Gaudios considered this and reddened. I thought, Good grief, he may be about to say something truthful.
He said, “The thing was, Jim didn’t like Barry.”
“Uh huh.”
“He offended his mother.”
“His mother?”
“Jim’s mother and brother were at the Triplex one time seeing Star Wars: Episode III Revenge of the Sith. Anne Marie is hard of hearing, and Michael was telling her what the movie was about. Somebody complained about them talking, and Barry came in and told them to keep it down. He was extremely rude in the way he went about it, apparently. Anne Marie told him she couldn’t understand the movie without Michael explaining everything, and how was she supposed to enjoy the movie? Barry told them they were disturbing the other patrons, and he’d give them their money back and they’d have to leave. They thought that was unreasonable – they wanted to see how the story turned out – and they refused to go. Barry lost his famous temper, and he grabbed Michael by the arm, and Anne Marie swung her handbag at him. Somebody called nine-one-one on a cell phone and yelled that the police were on their way. Anne Marie and Michael were humiliated and furious, but not wanting to be in the middle of something that would end up in the Eagle, they left. Without even getting the refund they had coming, Anne Marie said.”
They disturbed people while watching Star Wars? So it wasn’t even The Seventh Seal.
I said, “Did Barry know the yackers were Jim’s mother and brother?”
“No, there’s was no point in telling him. Michael and Anne Marie wanted to let it go. They don’t like to make a fuss.”
“And that was the beginning of some grudge by Jim against Fields?”
“Well,” Gaudios said, “Barry was known to be some kind of weird character. He made up stories about his past – all that BS about Colorado – and he hung around with that annoying Bud Radziwill. Kennedy cousin, my ass! If Jackie O ever met Bud Radziwill, she’d have him arrested for impersonating a Radziwill.”

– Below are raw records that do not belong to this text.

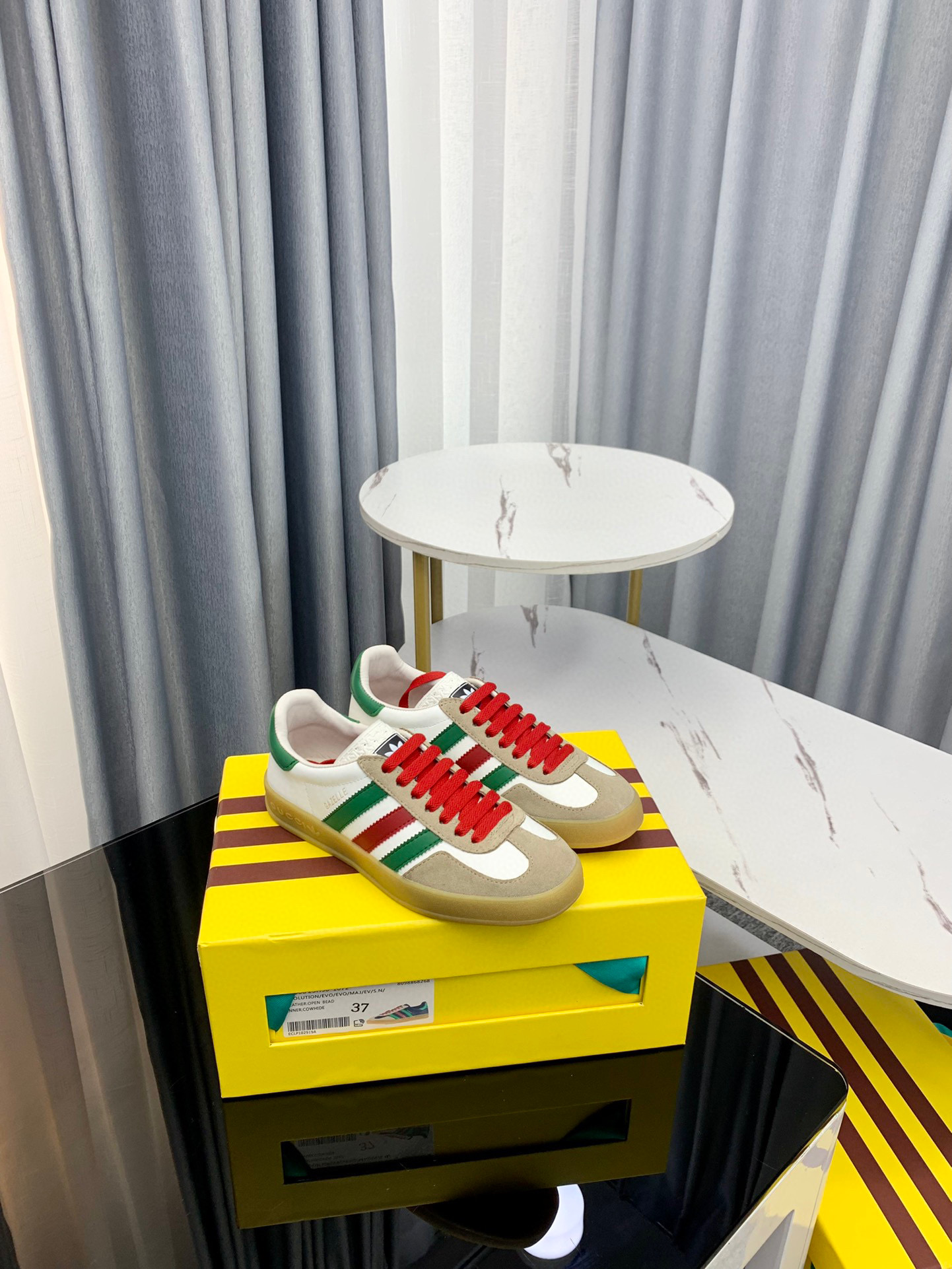 구찌 남녀공용 신발 운동화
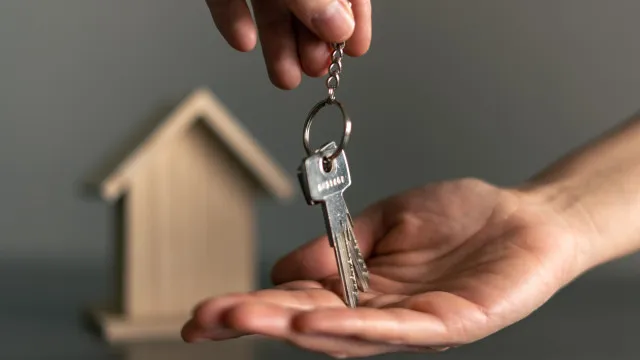 
                    Tem crédito à habitação com taxa variável? Euribor está a descer
                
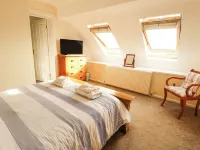 Bay View Hotels in Moelfre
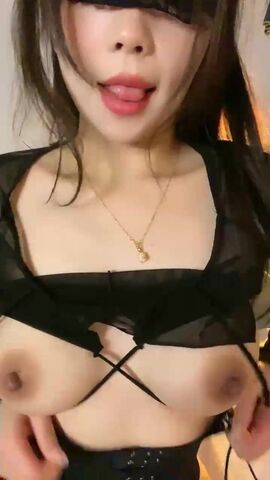【麻花免费视频】极品淫荡小骚货大奶黑丝美臀怼在镜头前骑乘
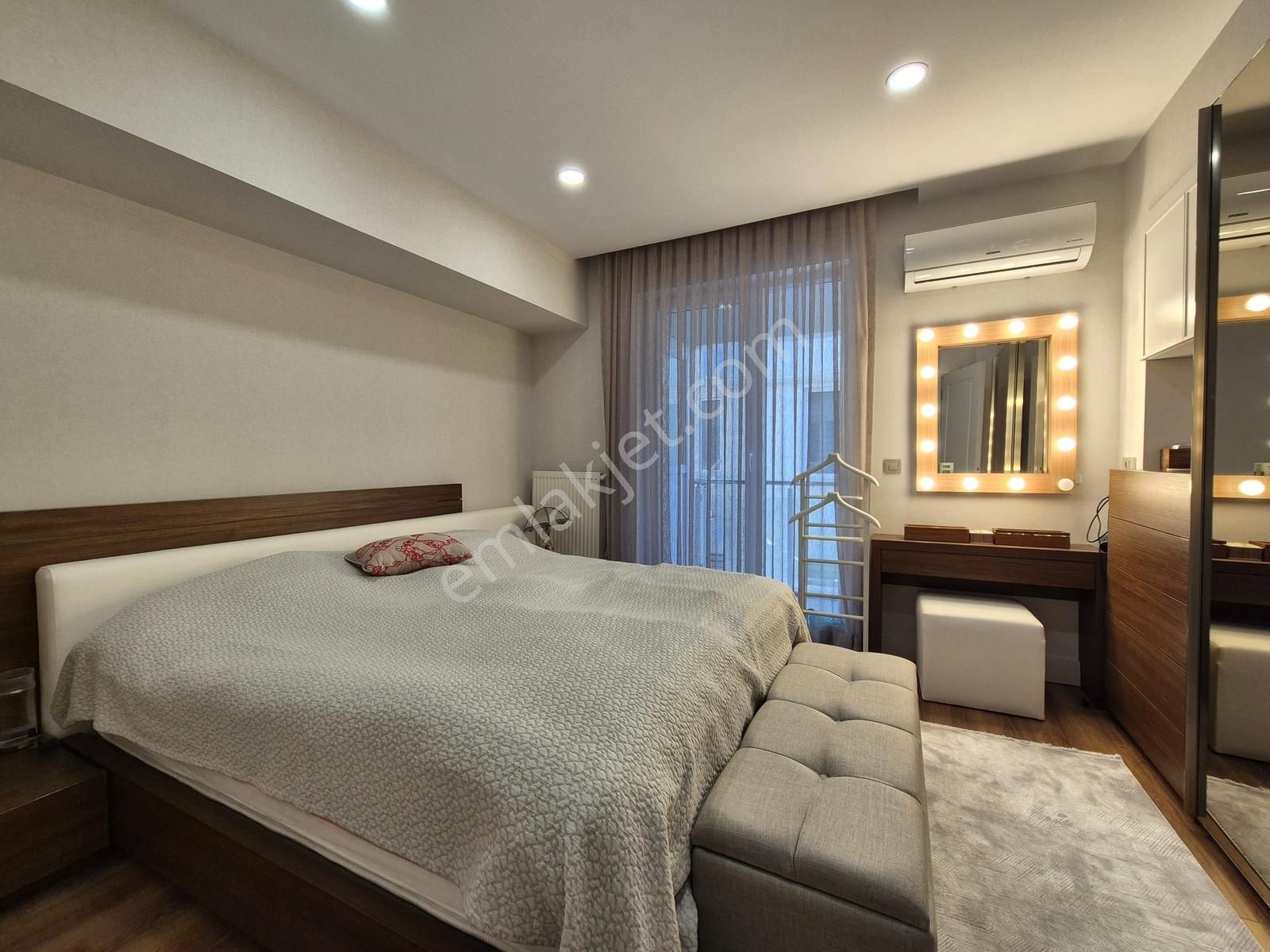 Konyaaltı Cadde'sinde Lüks Prestijli İçi Yeniden Yapılmış Daire - Görsel 18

“Is that a crime in Massachusetts?”
“Now you look here,” Gaudios snapped. “I’ve had just about enough of your smart-ass meddling and insinuations and following me around! I’ve lived a life of law-abiding taste and elegance, and if you know what’s good for you, you’ll go back to seedy old Albany and leave us alone to worry about our own problems. Thorne Cornwallis is a man not to be trifled with, and if you get in his way in this, he’ll take you apart. Thorne is going to put Barry Fields in Walpole, where he belongs, and if you don’t watch your step, you’re liable to end up there, also. Now, I’ve got stuff to do, so please, Donald, take your ugly accusations and just get the frig out of here.”